It's December 10, John Calipari is a Big Baby Boy, so let's play this game instead.

Jeffrey Becker-USA TODAY Sports

This date was once reserved for another occasion.

I've written about it before.

Kentucky fans have gone to the "we don’t care about Indiana" refrain, and forever, it made my blood boil. Look! Look at this video of this crazy fat fan making videos in his car! You do care! See! Or maybe they don’t. Kentucky basketball has been wildly successful year in and out now for since the 90s. Indiana, like it or not, hasn’t been consistently there. At the same time, Louisville has emerged from a commuter school into, probably, the most dominant of all three school across all sports. Our sports world’s gotten bigger, too. Big TV money allows for more national games with national programs, making the regional non-conference rivalry less necessary. Kentucky can grab yearly games with Kansas, or UCLA, or Michigan State. Maybe, in Kentucky, they don’t care about playing Indiana anymore. Maybe they do. I don’t know. The reality is it probably does matter more to me. I’m totally cool with that.
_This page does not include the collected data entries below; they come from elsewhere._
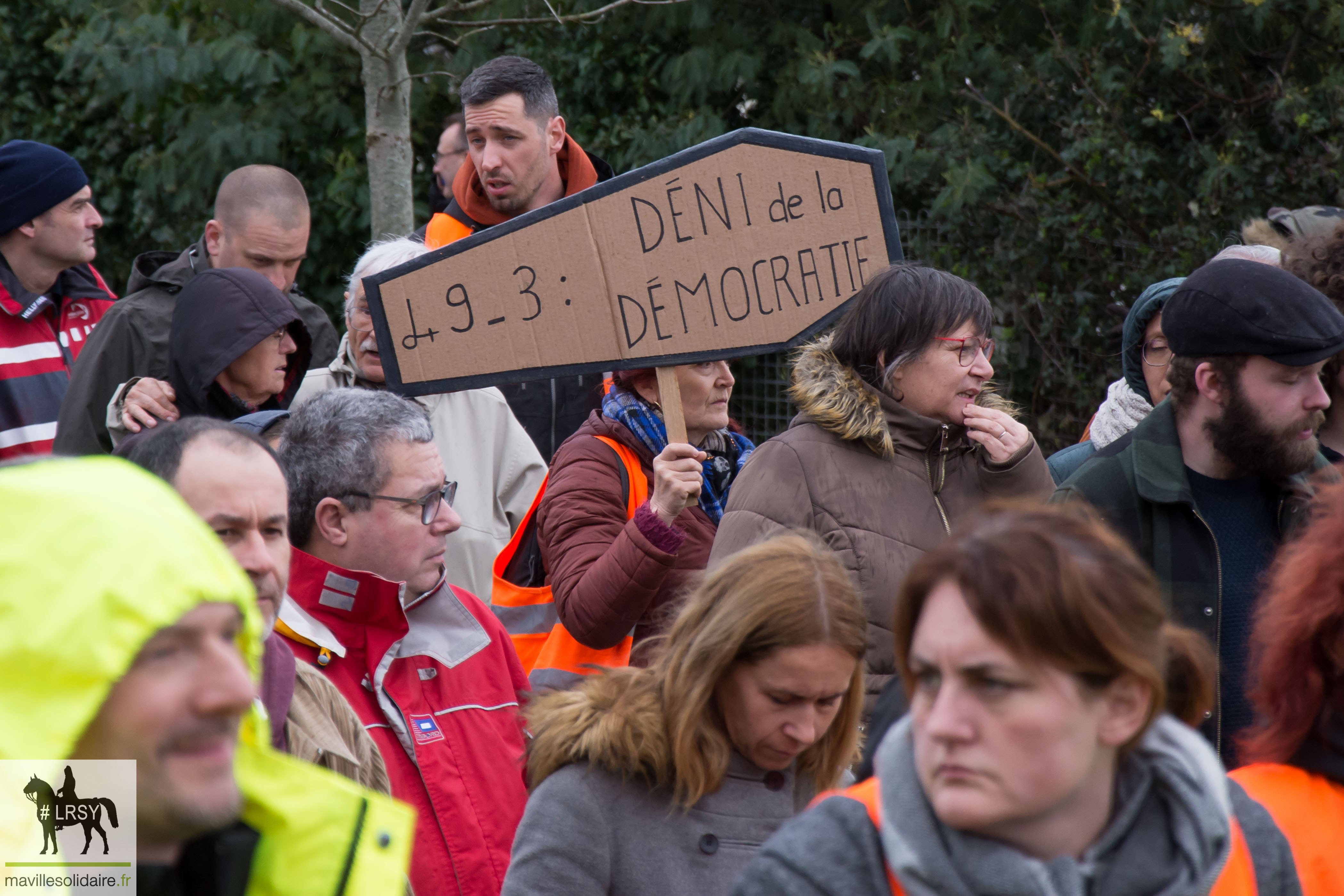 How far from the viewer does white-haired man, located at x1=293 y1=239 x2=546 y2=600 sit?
415 cm

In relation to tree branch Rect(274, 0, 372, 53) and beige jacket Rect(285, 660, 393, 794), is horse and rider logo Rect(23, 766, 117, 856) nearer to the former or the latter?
beige jacket Rect(285, 660, 393, 794)

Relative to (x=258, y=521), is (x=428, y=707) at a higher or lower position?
lower

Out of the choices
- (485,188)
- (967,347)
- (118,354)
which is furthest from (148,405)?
(967,347)

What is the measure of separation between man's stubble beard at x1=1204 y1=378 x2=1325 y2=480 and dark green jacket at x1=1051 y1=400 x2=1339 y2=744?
0.06 metres

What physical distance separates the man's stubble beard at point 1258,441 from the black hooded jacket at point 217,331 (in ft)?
7.74

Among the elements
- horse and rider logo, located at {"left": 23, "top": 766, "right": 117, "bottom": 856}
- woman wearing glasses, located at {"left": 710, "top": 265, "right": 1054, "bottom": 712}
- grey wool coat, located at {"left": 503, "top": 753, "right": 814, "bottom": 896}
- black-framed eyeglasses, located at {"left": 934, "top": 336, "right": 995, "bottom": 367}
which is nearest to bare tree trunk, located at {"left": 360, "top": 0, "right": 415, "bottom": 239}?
woman wearing glasses, located at {"left": 710, "top": 265, "right": 1054, "bottom": 712}

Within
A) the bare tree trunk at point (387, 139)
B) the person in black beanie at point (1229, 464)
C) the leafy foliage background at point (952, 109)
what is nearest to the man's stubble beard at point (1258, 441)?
the person in black beanie at point (1229, 464)

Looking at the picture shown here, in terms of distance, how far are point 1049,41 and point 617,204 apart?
4916 millimetres

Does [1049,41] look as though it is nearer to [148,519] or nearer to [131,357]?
[131,357]

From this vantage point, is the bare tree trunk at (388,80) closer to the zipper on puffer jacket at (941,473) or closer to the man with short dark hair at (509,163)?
the man with short dark hair at (509,163)

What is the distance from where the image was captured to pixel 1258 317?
3.11 metres

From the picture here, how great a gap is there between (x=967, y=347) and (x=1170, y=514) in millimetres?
623

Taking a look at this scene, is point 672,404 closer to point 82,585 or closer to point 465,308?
point 465,308

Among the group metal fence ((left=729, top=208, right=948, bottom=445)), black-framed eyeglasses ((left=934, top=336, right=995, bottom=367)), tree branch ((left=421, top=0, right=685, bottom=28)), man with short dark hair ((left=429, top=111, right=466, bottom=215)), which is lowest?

The joy of sports comes from being able to walk over to your neighbors house, bang on his door, yell "HEY BUDDY EFF YOU", and proceed to light bottle rockets in his front lawn after kicking the dogshit out of his team. For years throughout my childhood, this was what I dealt with more often than not. 2012 might have made up for all of that, sure, fine. Until my Kentucky fan friends were able to retort by holding up another national title trophy. It sucked, sure. But god-dangit, the screaming, the debating-over-beersing, the I-AM-BETTER-THAN-YOU-BECAUSE-SPORTSing – that’s fun. And more than anything, that’s Indiana-Kentucky to a person in southern Indiana.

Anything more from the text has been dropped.